I’m not the leader of this expedition.
I’m usually a leader these days, whether in the classroom or on the track or, as this weekend, on a field trip to London. We’ve brought twenty-one students, all of them finished with their Advanced Placement exams in European History or English, across the Channel to London for a long weekend full of museums, castles and plays. We’ve seen and touched faces and places that before now had existed, whether fact or fiction, only as ink on pages. We peer through the gate that brought prisoners to the Tower of London. We hear choirs at Canterbury sing songs written half a century ago. We shiver in the Globe Theater as Hamlet ponders his existence. We’ve read and studied, but now we are here.
This afternoon, though, is free time, and I’ve decided to spend it with students. Only two of these students are in my English class, so the weekend has been an opportunity to know new students, many of them much like I was in high school. (These are AP humanities students, after all; I’ve taken the classes they’ve just completed.) At the end of our second destination, I accept an invitation from a group of juniors headed, in the words of one of them, “to Buckingham Palace on the bus and then to the Tate Modern for like 20 minutes maximum because it closes at 5:50 but I have to go back there at least for a little while.”
“On the bus?” I ask. “You know that we could get to Buckingham way quicker on the Undergound, right?”
“We know,” Leader replies seriously. “But we want to take the bus. We know what we’re doing.”

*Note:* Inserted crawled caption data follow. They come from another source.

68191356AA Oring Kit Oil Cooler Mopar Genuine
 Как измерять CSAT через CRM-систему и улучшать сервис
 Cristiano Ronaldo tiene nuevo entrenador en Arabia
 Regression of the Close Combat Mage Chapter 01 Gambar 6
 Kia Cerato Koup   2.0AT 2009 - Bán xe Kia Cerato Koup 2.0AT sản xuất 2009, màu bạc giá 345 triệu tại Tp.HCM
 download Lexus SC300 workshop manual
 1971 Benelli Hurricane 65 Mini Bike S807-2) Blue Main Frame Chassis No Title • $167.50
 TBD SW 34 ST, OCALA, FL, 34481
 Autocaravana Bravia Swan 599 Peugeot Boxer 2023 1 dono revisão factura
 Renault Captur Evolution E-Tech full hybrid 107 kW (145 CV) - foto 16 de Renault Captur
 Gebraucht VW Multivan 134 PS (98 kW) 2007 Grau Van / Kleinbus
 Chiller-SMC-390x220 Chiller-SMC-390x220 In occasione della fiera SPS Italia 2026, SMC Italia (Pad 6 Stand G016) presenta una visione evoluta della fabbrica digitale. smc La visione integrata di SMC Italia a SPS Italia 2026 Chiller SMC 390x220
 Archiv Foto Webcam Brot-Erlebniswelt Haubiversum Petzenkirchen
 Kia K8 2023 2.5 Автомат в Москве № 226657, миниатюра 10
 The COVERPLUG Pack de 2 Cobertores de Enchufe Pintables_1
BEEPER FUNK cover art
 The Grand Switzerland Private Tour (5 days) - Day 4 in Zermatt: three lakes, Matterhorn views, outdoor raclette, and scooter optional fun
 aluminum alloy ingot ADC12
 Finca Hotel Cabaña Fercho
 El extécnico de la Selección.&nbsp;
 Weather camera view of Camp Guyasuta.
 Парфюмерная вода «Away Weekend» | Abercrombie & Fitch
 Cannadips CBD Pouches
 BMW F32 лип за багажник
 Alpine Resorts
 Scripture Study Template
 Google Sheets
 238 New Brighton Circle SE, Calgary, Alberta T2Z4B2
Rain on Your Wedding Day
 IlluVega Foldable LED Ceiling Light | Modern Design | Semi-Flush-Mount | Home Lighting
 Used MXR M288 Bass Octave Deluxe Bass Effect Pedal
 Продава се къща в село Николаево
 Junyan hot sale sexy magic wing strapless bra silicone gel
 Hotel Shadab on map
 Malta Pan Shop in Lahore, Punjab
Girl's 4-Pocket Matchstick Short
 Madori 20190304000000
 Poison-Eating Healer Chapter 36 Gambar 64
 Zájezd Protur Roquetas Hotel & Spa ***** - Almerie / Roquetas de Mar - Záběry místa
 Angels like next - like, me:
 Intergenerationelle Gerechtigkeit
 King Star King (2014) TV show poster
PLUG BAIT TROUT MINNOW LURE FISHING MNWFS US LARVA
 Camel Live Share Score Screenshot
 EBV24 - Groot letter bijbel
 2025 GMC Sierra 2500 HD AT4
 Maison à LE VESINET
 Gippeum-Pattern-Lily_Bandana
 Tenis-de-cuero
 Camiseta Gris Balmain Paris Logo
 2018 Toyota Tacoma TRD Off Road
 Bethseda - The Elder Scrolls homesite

I’ve spent a few weeks in London, here and there, so I’m not worried about getting lost. Nor will I let them get too lost, I resolve, watching the five of them pore over their maps, Undergound and above-ground, deciphering street names and bus routes. They have a leader, and she’s becoming a good one as she reads signs, asks for directions and points out our route.
I spend the afternoon following these engaging, clever young people around London, watching them find their way on light rail, Underground and finally the dreamed-of red double-decker bus. I could probably get us there quicker, with fewer wrong turns, but this expedition isn’t about touching the bases, snapping photographs of a palace and museum I’ve seen several times already. Today they’re learning to lead and explore, to remember where they’ve come from and find where they’re going. I feel fortunate to be along for the ride.
And it strikes me that this is teaching, too. I’ve benefitted from (and still benefit from) a life full of exploring, facilitated by parents and later teachers who encouraged me operate on the edges of comfort and familiarity. There was great freedom, as a student, in knowing that there’s someone who knew where and who I was, someone to find me if I got too lost.
I knew this when I was their age, appreciated the importance of “doing it on my own” to a fiercely independent degree. What I surprises me is how difficult it can be from this side of the classroom. In London, we can wander the streets all afternoon, safe in the knowledge that I can help them get to the Globe on time for Hamlet if worst comes to worst. But there are trickier mazes than Picadilly Circus, more complex questions than where the 38 Bus will pick us up, and our students need preparation for those, too.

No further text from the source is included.